Apache Kafka Client Libraries

Learn about the popular clients available for Kafka.

Kafka client libraries

The Kafka API is based on a TCP-based binary protocol that defines all client interactions in the form of request-response messages. Instead of client applications directly using this protocol, Kafka provides client libraries in multiple programming languages that abstract away the protocol details and provide a high-level API for interacting with the Kafka cluster. These are made available in the form of the Producer, Consumer, and Admin APIs. The Producer and Consumer APIs allow client applications to write and read data from Kafka topics, respectively, while the Admin API allows client applications to manage topics, brokers, and other Kafka cluster resources.

These client libraries are part of the core Kafka project and are available in multiple programming languages. Some of the most popular ones are for C/C++, Java, Python, Go, Node.js, and .NET.

Press + to interact
Apache Kafka client library ecosystem
Apache Kafka client library ecosystem

C/C++ client

librdkafka is a C/C++ client library for Kafka. This client is quite important because other client libraries, such as .NET, Go, Python, etc., use librdkafka. Since these libraries are wrappers around librdkafka, they benefit from its performance and stability. Any changes to the protocol or Kafka cluster are implemented in librdkafka and then ported to all the clients that use it.

This brings us to the concept of native and wrapper clients.

Native vs. wrapper clients

Native clients are those that are written in the language they are intended for, without using other shared libraries (for example, the Java client). Wrapper clients are those that are written in a different language and wrap around a native client. For example, the Python client is written in Python and wraps around the librdkafka client.

In the Kafka ecosystem, it’s common to see a mix of native and wrapper clients, even for the same language. Both have their own advantages and disadvantages. Wrapper clients have an added dependency (on librdkafka) that can make it difficult to install and use. Native clients, on the other hand, are easier to install and use, but they are not as performant as wrapper clients. Wrapper clients tend to keep up with the latest protocol changes and are more likely to support newer features.
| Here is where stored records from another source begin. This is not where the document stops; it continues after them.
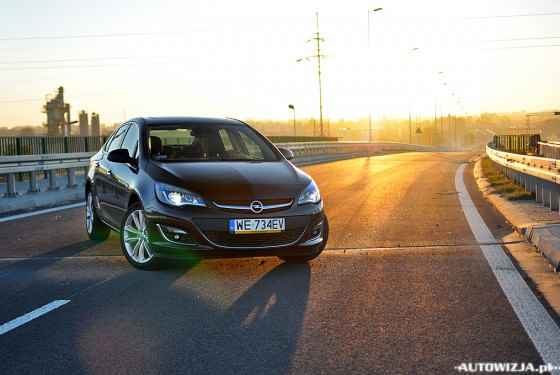 Opel Astra Sedan 1.4 Turbo Executive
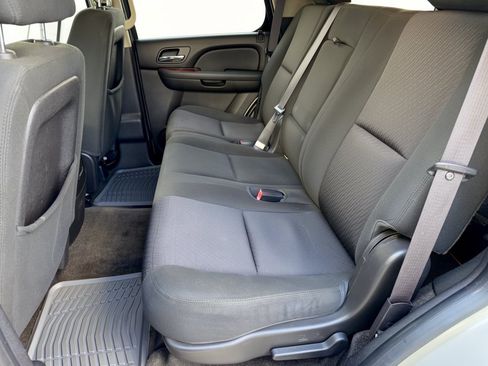 Used 2013 Chevrolet Tahoe LS w/ Convenience Package RWD image 25
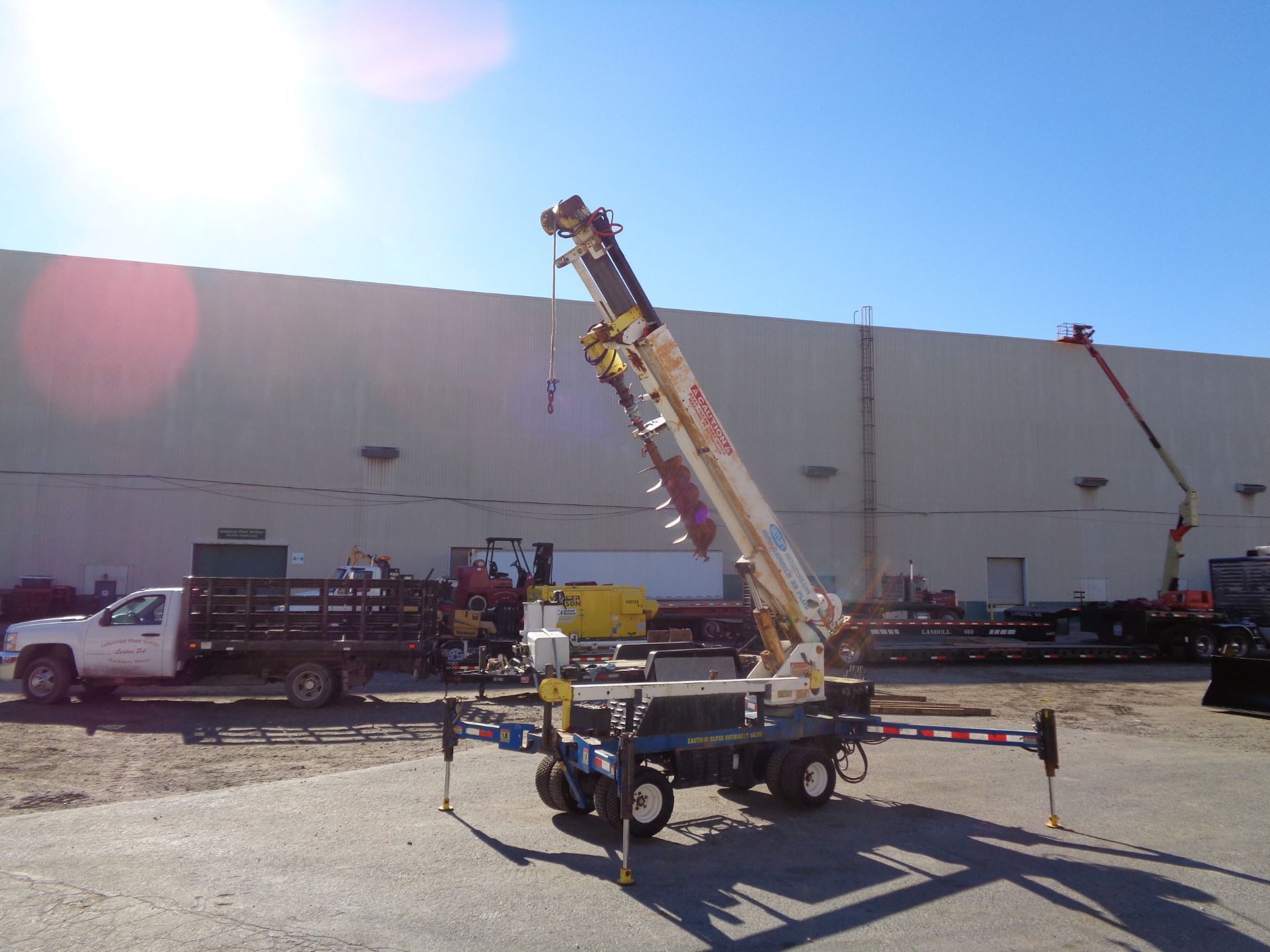 Skylift MiniD33+ Back Yard Digger Derrick Crane - With Trailer And Man Basket - Image 8 of 12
Here is a table highlighting these differences:

Native vs. Wrapper Client Libraries

Attribute

Native library

Wrapper library

Ease of use

Easier to install and use

Difficult to install and use due to the added librdkafka dependency

Latest features

Takes more time to build native implementations of new client side Kafka features

More likely to support newer features since they are implemented into librdkafka

Performance

Tends to be mode performant

Performance will have the overhead of invoking librdkafka

Java

The Java client is part of the core Kafka project. It will be covered in detail throughout the course.

Python

The Python ecosystem has the following two popular clients for Kafka.

  • kafka-python: This is a native Python client for Kafka. It is a pure Python implementation that does not depend on other libraries. It is a mature client with a large community and is actively maintained. Its design is similar to that of the Java client with the help of Pythonic interfaces such as consumer iterators.

  • confluent-kafka-python: This is a wrapper around librdkafka with high-level Producer, Consumer, and AdminClient API implementations. It is supported and actively maintained by Confluent.

Go

Go is a popular language for working with Kafka. There are many Kafka client library options when it comes to Go, such as:

  • sarama: This is a native Go implementation of the Kafka protocol. It is a mature client with a large community and is actively maintained.

  • confluent-kafka-go: This is a lightweight wrapper around librdkafka and is supported and actively maintained by Confluent.

  • segmentio/kafka-go: This is a native client that provides both low and high-level APIs for interacting with Kafka to mirror concepts and implement the interfaces of the Go standard library to make it easy to use and integrate with existing software.

  • franz-go: This is another native client and supports transactions, regex topic consuming, the latest partitioning strategies, data loss detection, closest replica fetching, and more. The interesting part about the franz-go client is that it uses code generation for client implementation, which implies that it can support any Kafka protocol-level additions or modifications.

.NET

  • confluent-kafka-dotnet: This is a wrapper around librdkafka and is supported and actively maintained by Confluent. The confluent-kafka-dotnet wrapper is derived from the rdkafka-dotnet library. This client provides the following five packages (available via the NuGet package manager):

    • Confluent.Kafka: This is the core client.

    • Confluent.SchemaRegistry.Serdes.Avro: This provides a serializer and deserializer for working with the Avro serialized data and Confluent Schema Registry integration.

    • Confluent.SchemaRegistry.Serdes.Protobuf: This provides a serializer and deserializer for working with the Protobuf serialized data and Confluent Schema Registry integration.

    • Confluent.SchemaRegistry.Serdes.Json: This provides a serializer and deserializer for working with JSON serialized data and Confluent Schema Registry integration.

    • Confluent.SchemaRegistry: This is a Confluent Schema Registry client (a dependency of the Confluent.SchemaRegistry.Serdes package).

Node.js

There are a couple of clients for Node.js as well: kafka-node and kafkajs. However, the kafka-node client is outdated and not maintained. On the other hand, the kafkajs client is widely used and an actively maintained native client. It supports producers, consumer groups (with pause, resume, and seek), and transactions, as well as AWS IAM-based authentication.

Conclusion

In this lesson, we explored the different types of Kafka clients (native and wrapper) and some widely used libraries across popular programming languages.